Journal List > Ann Dermatol > v.27(3) > 1046004

Tokudome, Katayanagi, and Hashimoto: Esterase Activity and Intracellular Localization in Reconstructed Human Epidermal Cultured Skin Models

Abstract

Background

Reconstructed human epidermal culture skin models have been developed for cosmetic and pharmaceutical research.

Objective

This study evaluated the total and carboxyl esterase activities (i.e., Km and Vmax, respectively) and localization in two reconstructed human epidermal culture skin models (LabCyte EPI-MODEL [Japan Tissue Engineering] and EpiDerm [MatTek/Kurabo]). The usefulness of the reconstruction cultured epidermis was also verified by comparison with human and rat epidermis.

Methods

Homogenized epidermal samples were fractioned by centrifugation. p-nitrophenyl acetate and 4-methylumbelliferyl acetate were used as substrates of total esterase and carboxyl esterase, respectively.

Results

Total and carboxyl esterase activities were present in the reconstructed human epidermal culture skin models and were localized in the cytosol. Moreover, the activities and localization were the same as those in human and rat epidermis.

Conclusion

LabCyte EPI-MODEL and EpiDerm are potentially useful for esterase activity prediction in human epidermis.

INTRODUCTION

Esterases hydrolyze ester compounds and are classified as carboxyl, aryl, or acetylcholine esterases. These enzymes are present in various tissues and organs including the mammalian liver, skin, and plasma1,2. In the skin, esterases have particularly high activity in the epidermis and hair follicles3, with carboxyl and aryl esterases having been discovered in the cytosol and endoplasmic reticulum in the skin4,5,6,7,8. These intracellular esterases are important for metabolism9,10,11 and/or pro-drug activation12. This information has led to the development of cosmetics13 and transdermal drugs14 that include ester compounds, such as vitamin C and/or steroid derivatives. The application of ester compounds to the skin surface enhances their partition by increasing their lipophilic properties15. Metabolism experiments involving ester compounds have been performed using skin from rats, mini-pigs, and humans16. As an alternative to animal testing, in vitro skin irritation studies have been performed using reconstructed human epidermal culture skin models. However, the efficacy of these substitutes in such studies has not been evaluated. Bätz et al.17 used fluorescein diacetate as a substrate for esterase activity in the reconstructed human skin model, but there is no report about the intracellular localization of esterase in reconstructed human skin.
Therefore, this study measured the intracellular localizations of various esterases and their activities in hairless rat and human epidermis as well as reconstructed human epidermal culture skin models. Finally, the utility of reconstructed human cultured epidermis was assessed.

MATERIALS AND METHODS

Materials

p-Nitrophenyl acetate (PNPA), 4-methylumbelliferyl acetate (MUA), and paraoxon were purchased from Sigma Aldrich (St. Louis, MO, USA).

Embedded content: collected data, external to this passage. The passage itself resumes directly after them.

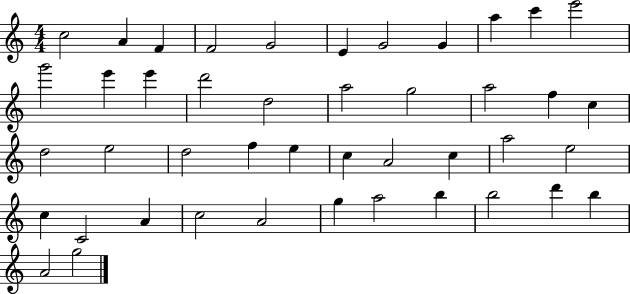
X:1
T:Untitled
M:4/4
L:1/4
K:C
c2 A F F2 G2 E G2 G a c' e'2 g'2 e' e' d'2 d2 a2 g2 a2 f c d2 e2 d2 f e c A2 c a2 e2 c C2 A c2 A2 g a2 b b2 d' b A2 g2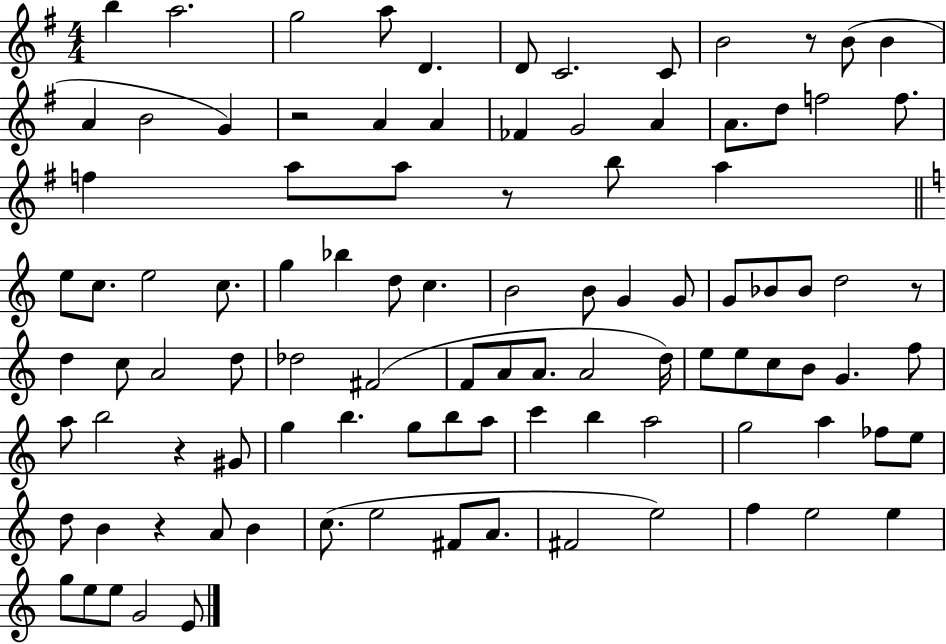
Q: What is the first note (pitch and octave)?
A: B5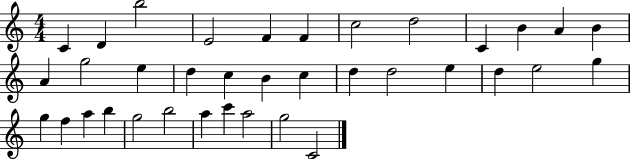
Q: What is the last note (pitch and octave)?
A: C4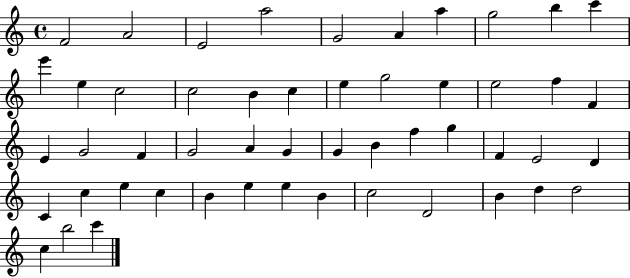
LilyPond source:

{
  \clef treble
  \time 4/4
  \defaultTimeSignature
  \key c \major
  f'2 a'2 | e'2 a''2 | g'2 a'4 a''4 | g''2 b''4 c'''4 | \break e'''4 e''4 c''2 | c''2 b'4 c''4 | e''4 g''2 e''4 | e''2 f''4 f'4 | \break e'4 g'2 f'4 | g'2 a'4 g'4 | g'4 b'4 f''4 g''4 | f'4 e'2 d'4 | \break c'4 c''4 e''4 c''4 | b'4 e''4 e''4 b'4 | c''2 d'2 | b'4 d''4 d''2 | \break c''4 b''2 c'''4 | \bar "|."
}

Skin samples and epidermis-dermis separation

A summary of the skin samples and used in this study manuscript areis shown in Table 1. Hairless rats were purchased from Saitama Experimental Animal Supply Co., Ltd. (Saitama, Japan). They were animals were housed under a 12/12-h light/and dark cycle in a temperature-controlled room (25℃). They had free access to food and water. All animal procedures were approved by the Ethics Committee of Josai University (Sakado, Saitama, Japan) in accordance with the National Institute of Health (Tokyo, Japan). The two reconstructed human epidermal culture skin models were used: LabCyte EPI-MODEL were purchased from (Japan Tissue Engineering, Gamagori, Japan) and EpiDerm (EPI-200) obtained from MatTek/Kurabo (Ashland, MA, USA), respectively. Human skin (TRANSKIN) was obtained from Biopredic International (Rennes, France) through KAC (Kyoto, Japan). The excised human skin was approved by the KAC Ethics Committee for human-derived products. This was obtained from Biopredic International. Hairless rat and human full-thickness epidermis were heated at 60℃ for 90 s, and the epidermis was carefully removed.

Skin homogenates

Epidermis samples from hairless rats and humans as well as LabCyte EPI-MODEL and EpiDerm were minced with scissors on ice. Epidermis samples were homogenized using a Teflon homogenizer (1,000 rpm, 3 strokes) in 0.25 M sucrose solution. Homogenates were centrifuged at 600g for 10 minutes, and the supernatant was collected as the post-nuclear fraction. The precipitant was dispersed using polytron homogenizer (25,000 rpm, 1 min). The supernatant was collected as the non-destruction nuclear fraction. The post-nuclear fraction was centrifuged at 3,300g for 10 minutes, and the supernatant was centrifuged again at 12,500g for 20 minutes. These precipitates were the mitochondria and light mitochondria fractions. Finally, the supernatant was ultracentrifuged at 105,000g for 70 minutes to obtain the microsomal and cytosolic fractions. All fractionation procedures were performed at 4℃.

Measurement of total esterase activity

Each fraction was mixed with 100 mM Tris-HCl buffer (pH 7.4) on a 96-well plate and was pre-incubated at 37℃. Various concentrations of PNPA solution were added, and concentrations of p-nitrophenol (PNP) were measured by a microplate reader (Spectra Max M5e; Molecular devices LLC, Sunnyvale, CA, USA) for 10 minutes at 1-minute intervals at 37℃). The enzymatic parameters (i.e., Km and Vmax) of the microsomal and cytosolic fractions were determined from the reaction rates according to the nonlinear least square method using the values calculated from the Hanes-Woolf plot. Protein levels were measured by the Lowry method18.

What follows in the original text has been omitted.